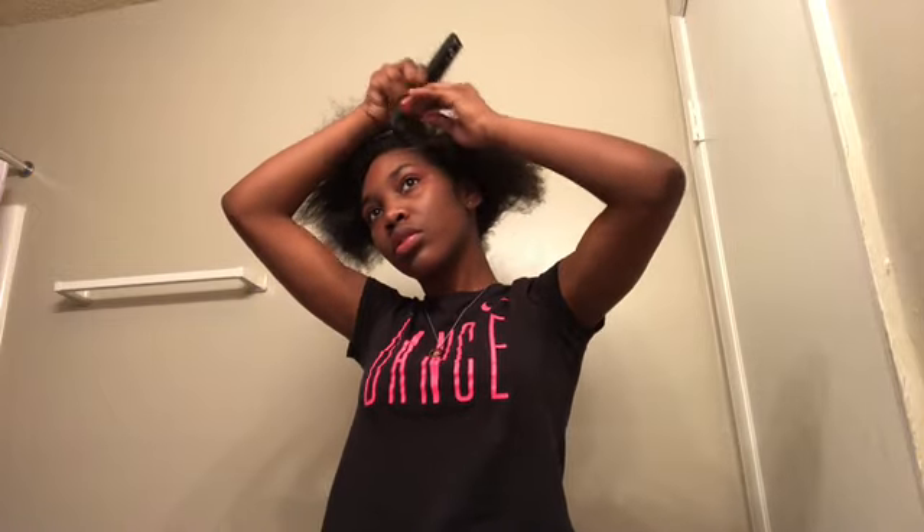Now I am going to part it — as you can see, I'm going to do it from the side. Do not mind the white stuff on the cloth, that was the edge control. Okay, we're parting it.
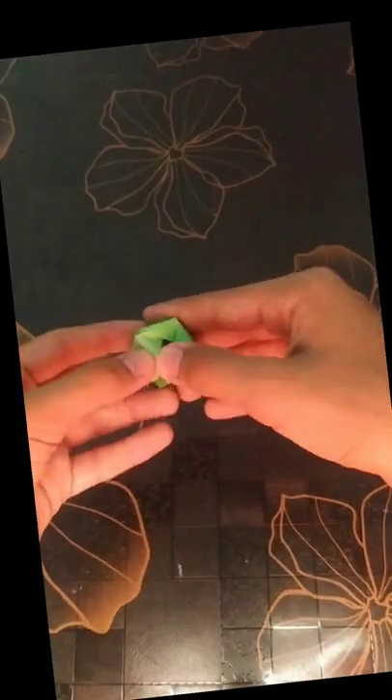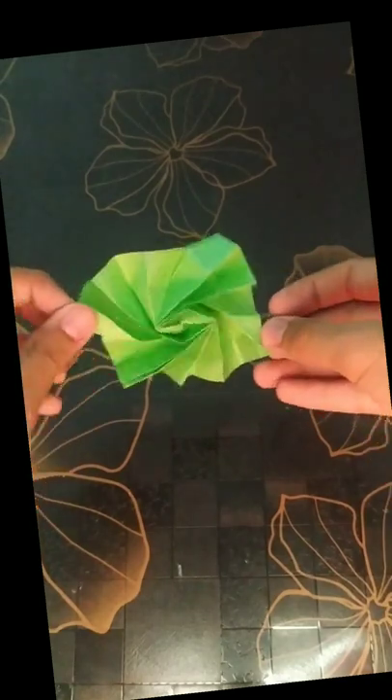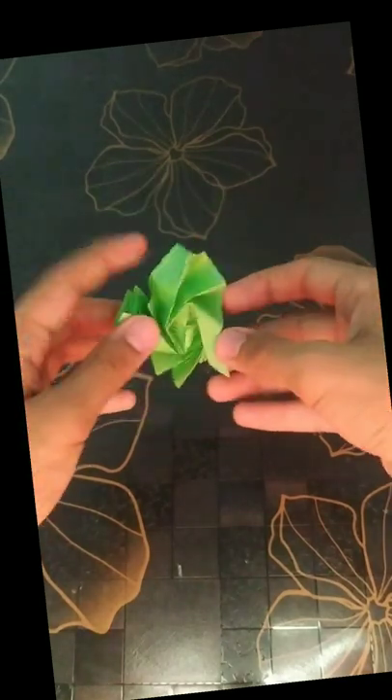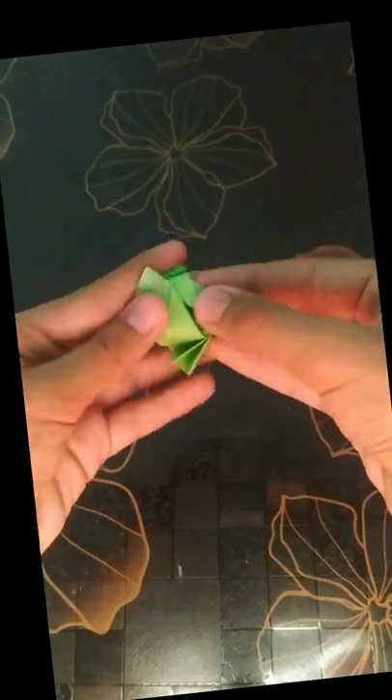Hey guys, so in the last video I asked you all to tell me in the comments whether I should make a tutorial for the 8x8 grid ISO area flasher box. So at a request, here's the tutorial — follow the steps below.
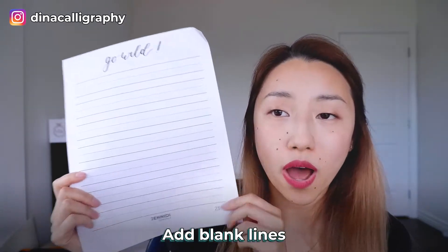At the very end, you can add one blank sheet of paper with lines, or multiple lines. I just have one, because I find that in the workshop people usually don't even fill up one page, and there's not enough time to practice five pages. So I only have one.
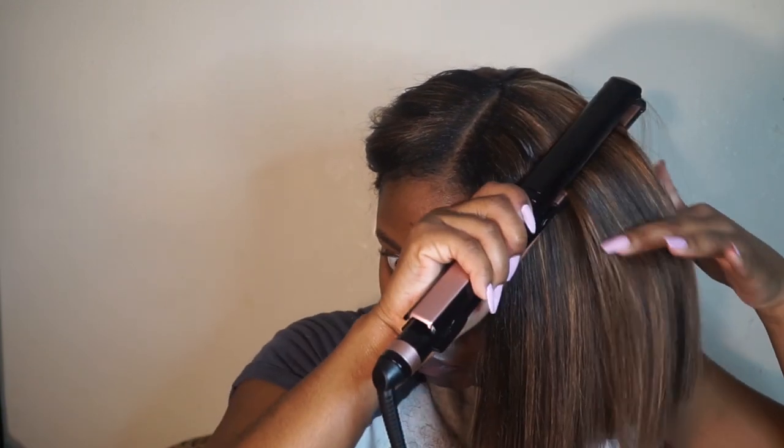Now that the hard part is out of the way, I'm going to start flat ironing the hair in sections. I'm gonna slightly bevel the hair instead of bumping it, because we do not want to be out here with the Lord Farquaad bob. No ma'am — I'm just gonna lightly bevel it and give it a slight bump.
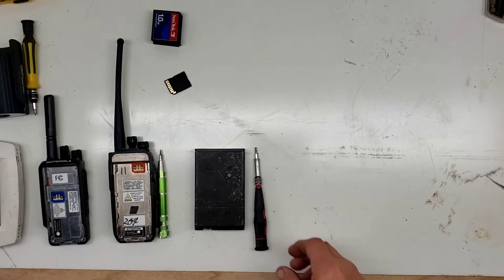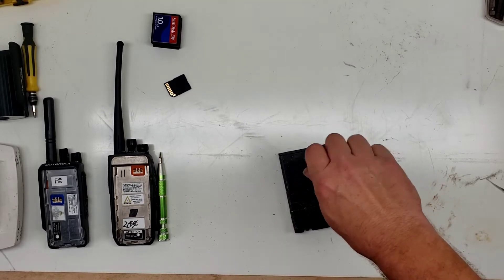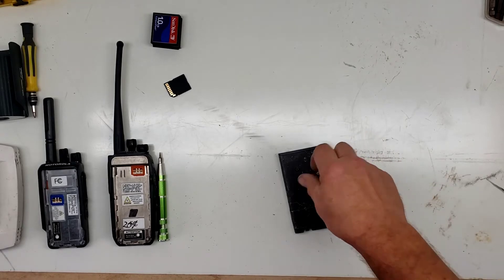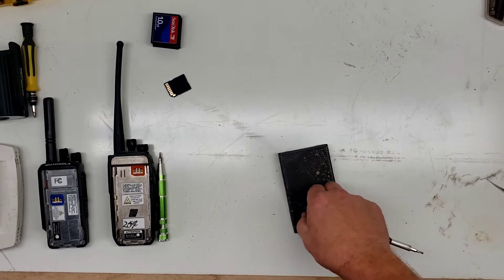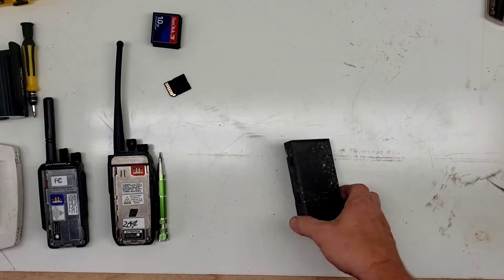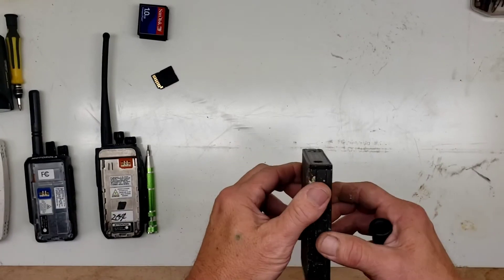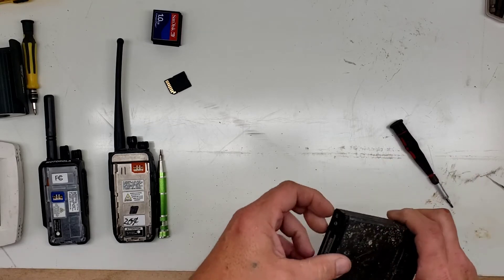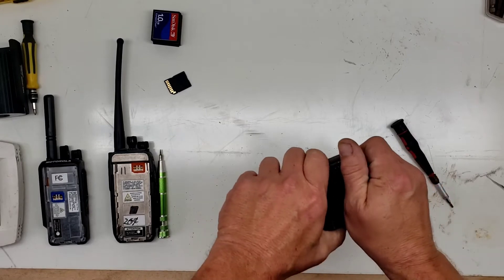Hello everyone. Not really sure how this video is gonna go - this is like a test run. I had this guy already done because the outer case was so torn up I didn't know if the screws would come out or not. So I don't know how far - whether you guys can even see well.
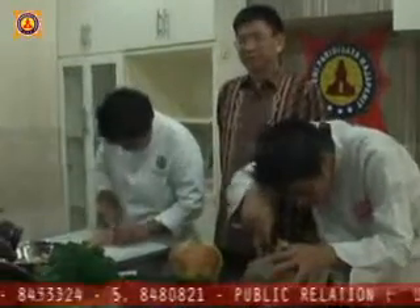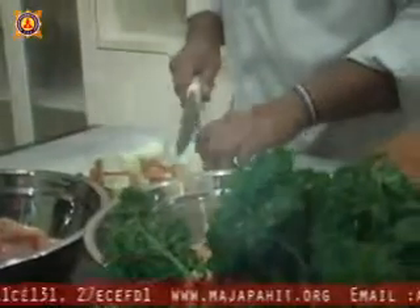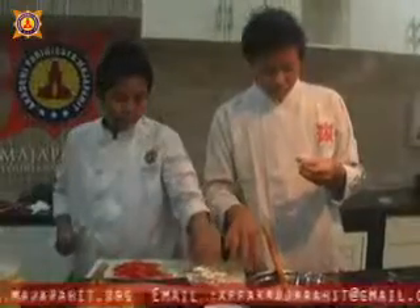Untuk memasak makanan ini diperlukan bahan-bahan seperti daging ayam yang dipotong, bawang bombay, cabai merah, tomat, madu, garam, merica, pala, dan daun selendri.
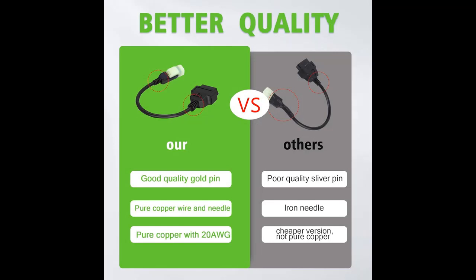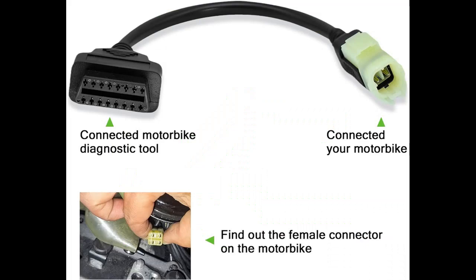Whether you're using programs, apps, or standard OBD2 readers, the AMHTDOL Adapter seamlessly converts the 16-pin OBD2 connector to the required Kawasaki 4-pin connector. This versatility expands its compatibility with various diagnostic tools and platforms, enhancing its utility for motorcycle diagnostics.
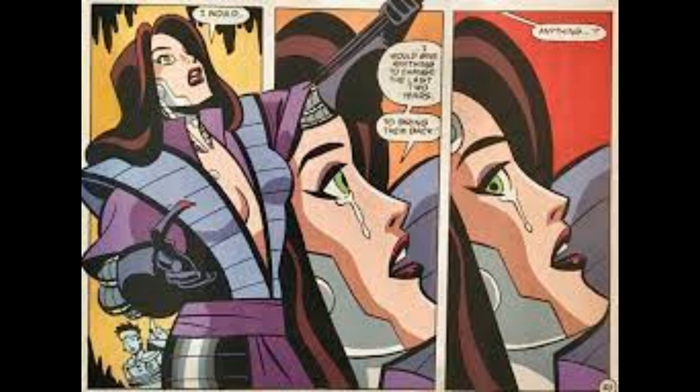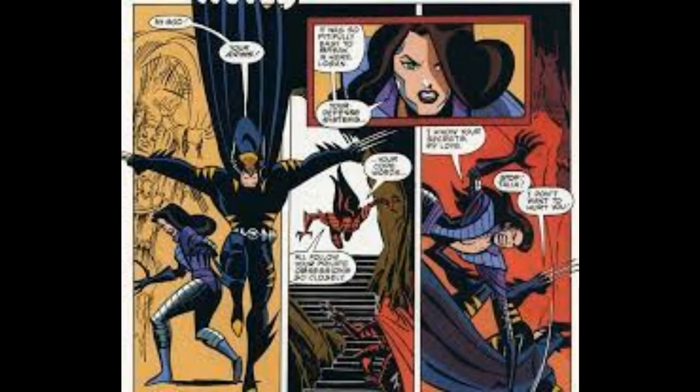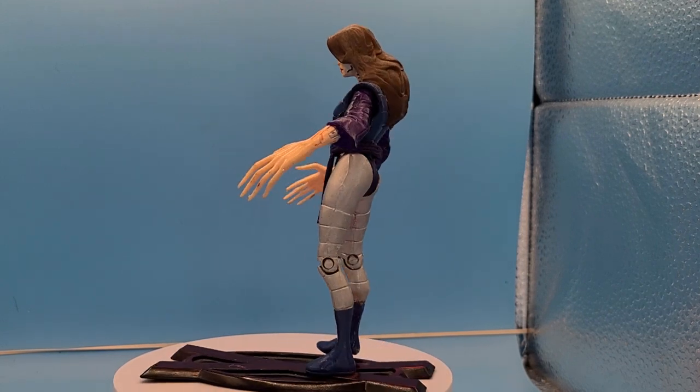Welcome back to Gen X Toy Box. Tonight I'm going to display my Lady Talia figure from Amalgam Comics. For this figure I used the 1996 Toy Biz Spider Woman head and a 1996 Toy Biz Lady Deathstrike figure, and some model magic to fill in the hair.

→ **HOW TO COMPLETE THIS TASK**
Copy the records exactly. Skip the images.

→ **SOLUTION TO THIS EXERCISE**
Now I am going to part it — as you can see, I'm going to do it from the side. Do not mind the white stuff on the cloth, that was the edge control. Okay, we're parting it.
Hey guys, so in the last video I asked you all to tell me in the comments whether I should make a tutorial for the 8x8 grid ISO area flasher box. So at a request, here's the tutorial — follow the steps below.
At the very end, you can add one blank sheet of paper with lines, or multiple lines. I just have one, because I find that in the workshop people usually don't even fill up one page, and there's not enough time to practice five pages. So I only have one.
Now that the hard part is out of the way, I'm going to start flat ironing the hair in sections. I'm gonna slightly bevel the hair instead of bumping it, because we do not want to be out here with the Lord Farquaad bob. No ma'am — I'm just gonna lightly bevel it and give it a slight bump.
Hello everyone. Not really sure how this video is gonna go - this is like a test run. I had this guy already done because the outer case was so torn up I didn't know if the screws would come out or not. So I don't know how far - whether you guys can even see well.
Untuk memasak makanan ini diperlukan bahan-bahan seperti daging ayam yang dipotong, bawang bombay, cabai merah, tomat, madu, garam, merica, pala, dan daun selendri.
Whether you're using programs, apps, or standard OBD2 readers, the AMHTDOL Adapter seamlessly converts the 16-pin OBD2 connector to the required Kawasaki 4-pin connector. This versatility expands its compatibility with various diagnostic tools and platforms, enhancing its utility for motorcycle diagnostics.
Welcome back to Gen X Toy Box. Tonight I'm going to display my Lady Talia figure from Amalgam Comics. For this figure I used the 1996 Toy Biz Spider Woman head and a 1996 Toy Biz Lady Deathstrike figure, and some model magic to fill in the hair.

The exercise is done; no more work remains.